Sunday 15 June 2014

Favourite fictional father: Ben Healy in Problem Child #bookaday

Day 15 of the #bookaday challenge. Who is your favourite fictional father? Well, I don’t mind admitting that this one stumped me. Dads don’t seem to be that common in the books I read, living dads even less so. They tend to need avenging, deposing, finding or replacing. For example, here are the last ten novels I read, and what I could find about the dads in them:

  1. The Buried Life, Carrie Patel: Jane is an orphan.
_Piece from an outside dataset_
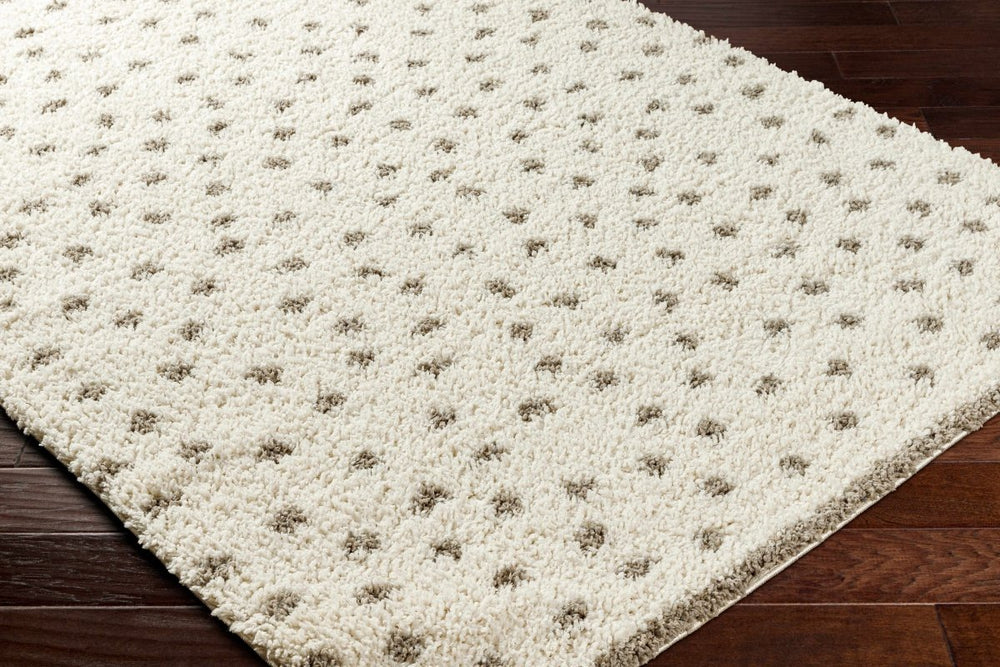 
                      
                        Hauteloom Chaia Dotted Cream & Gray Plush Rug - lily & onyx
  2. God’s War, Kameron Hurley: Nyx “has never known a father”, Rhys’s father disowned him and is dead.
  3. Child of a Hidden Sea, A.M. Dellamonica: can’t be specific without giving away plot details, but he’s no Doctor Huxtable.
  4. Ghost Train to New Orleans, Mur Lafferty: adoptive parents elsewhere, mentioned, but unaffectionate; birth parents missing or dead.
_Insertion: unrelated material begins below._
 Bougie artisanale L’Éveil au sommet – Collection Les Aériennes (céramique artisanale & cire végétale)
  5. City of Stairs, Robert Jackson Bennett: Shara is an orphan.
  6. Lagoon, Nnedi Okorafor: the father of Adaora’s children quickly turns nasty.
  7. The Goblin Emperor, Katherine Addison: Maia was exiled to the middle of nowhere by his father, the Emperor Varenechibel the Fourth, who dies at the beginning of the book, leaving Maia an orphan.
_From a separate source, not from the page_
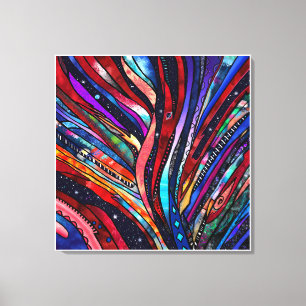 Cosmic Groove Stretched Canvas Print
  8. Costume Not Included, Matthew Hughes: the previous novel in the series explains that Chesney’s dad, Wagner Arnstruther, “departed for parts unknown with a waitress he met at a truck stop”.
  9. New Amsterdam, Elizabeth Bear: Jack says “my parents couldn’t afford to feed me; they indentured me at five”.
  10. Template, Matthew Hughes: Conn says, “As an infant, I was sold anonymously to my indentor, Ovam Horder.”

So sod it, I’ve gone for a fictional dad who wasn’t in a book. Ben Healy in Problem Child, as played by the wonderful John Ritter. He adopts the child from hell, a little boy whose penpal is Martin “The Bow Tie Killer” Beck. Junior destroys Ben’s life, takes away everything: possessions, reputation, wife, job, sanity. By film two they’ve been forced to leave town. And yet he keeps trying to do his best for the kid. An example to us all!